My soul is heavy this morning on my beach. I leave home in ten days. I’ve known for a long time that this was necessary to my continued growth and exploration of my artistic voice. I know it will be hard, but I am moving on with innumerable lessons learned on many fronts and have healed in more ways than ever expected. Four and a half years ago I was sitting outside of boundary hall, brainstorming on Wilmington projects. I had felt its potential and wanted to tap in. Over the next couple months, a huge idea would bring me back home. I tried, I “failed”, God prevailed. He showed me through a series of divine events that He knew what was up. I was let down by my failure to open a gallery, but because of the setback and since, have had full time jobs in 3 very different industries that showed me my true strengths and passions. I’ve learned more lessons than I thought possible for myself. Being here has afforded me time and confidence to confront my fears and invest in my intentions. I’ve developed a deep relationship with the artist of my spirit. It is this tapping of the well that allows me to go forth with my thirst of five years ago quenched - and then some - with supplies on lock for any pit of desperation to come. I know I have a lot to learn, and it’s possible that I would have reached this point no matter what path I chose until now. But I wouldn’t trade these experiences with anything, I am blessed.

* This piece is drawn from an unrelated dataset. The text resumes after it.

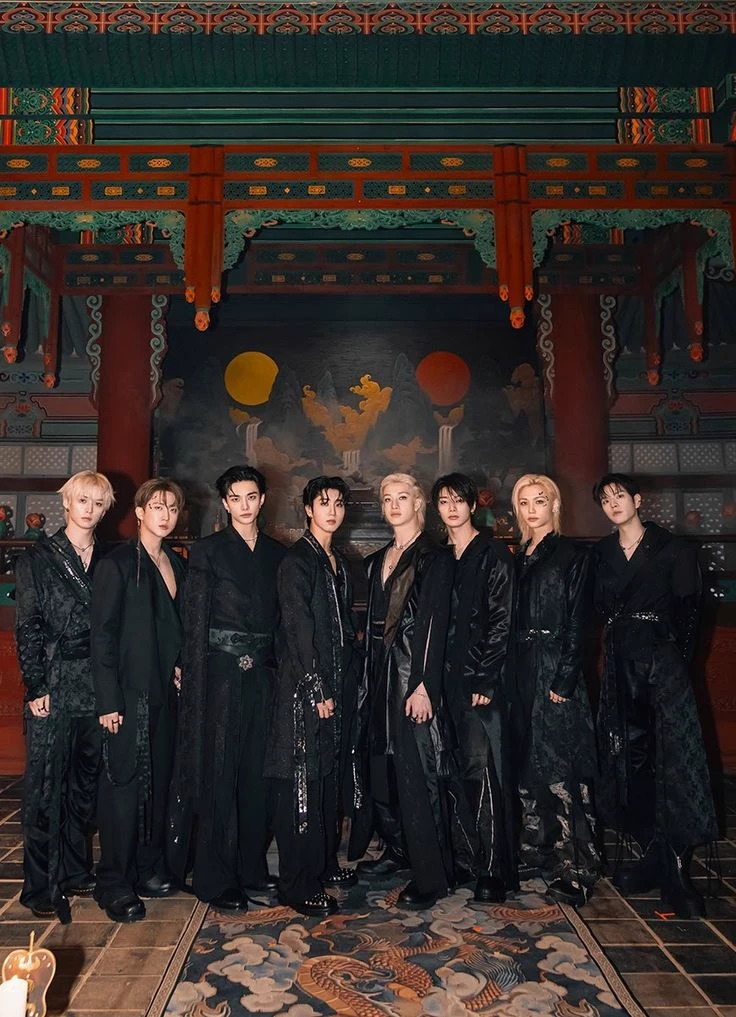 Stray Kids thumbnail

Often times I’ve contemptuously begged “What am I doing here?” And I know my family has seen the worst of my cynicism. In some ways, my career has been on hold. I could have gone anywhere, done anything out of college. My parents and I fought about my decision to come home “just to teach dance”. The conviction I had in that moment has rung true and still stands - I will be better because of this. On a deeper level, I can see now that I was also lead home to heal old and deep wounds resulting and remaining from tragedy. Wounds that never scarred and continued to ache. The unanticipated deepness of understanding I have for the complexities and dynamics of family interaction is the most significant part of my previous journey. We have something special that I too often took for granted. Not everyone gets to see nearly half of all their relatives on a monthly, weekly, or daily basis. This closeness has ignited difficult conversations and experiences that I would have otherwise most likely continued to ignore, and is thus the most important to my recent growth. We have learned that healing takes time, it takes each other, and it takes hard shit standing in your way to decide to fight or retreat back, again. It has also shown me love like I’ve never known. My brother, cousin, nana, aunts, uncles, new sister, mom and Pop have become my best friends over the last 4 years. I take with me their best qualities to guide me on my way:
Pop’s disciplined work ethic and reflection, Mom's selfless compassion and reverence, Eric’s devotion to foundation, family, love and loyalty, Alison’s grace and discernment, Nana’s wit and vigor and determination, Megan’s humility and sense of justice, Uncle Rick's patience and wisdom, Aunt Linda’s focus and service, Aunt Diane’s charm and positivity..
I have all I need because of you. I am happy, full, and ready to take on my next challenge.
Now start planning your trips to Portland ASAP. I love you, see you on the West Coast.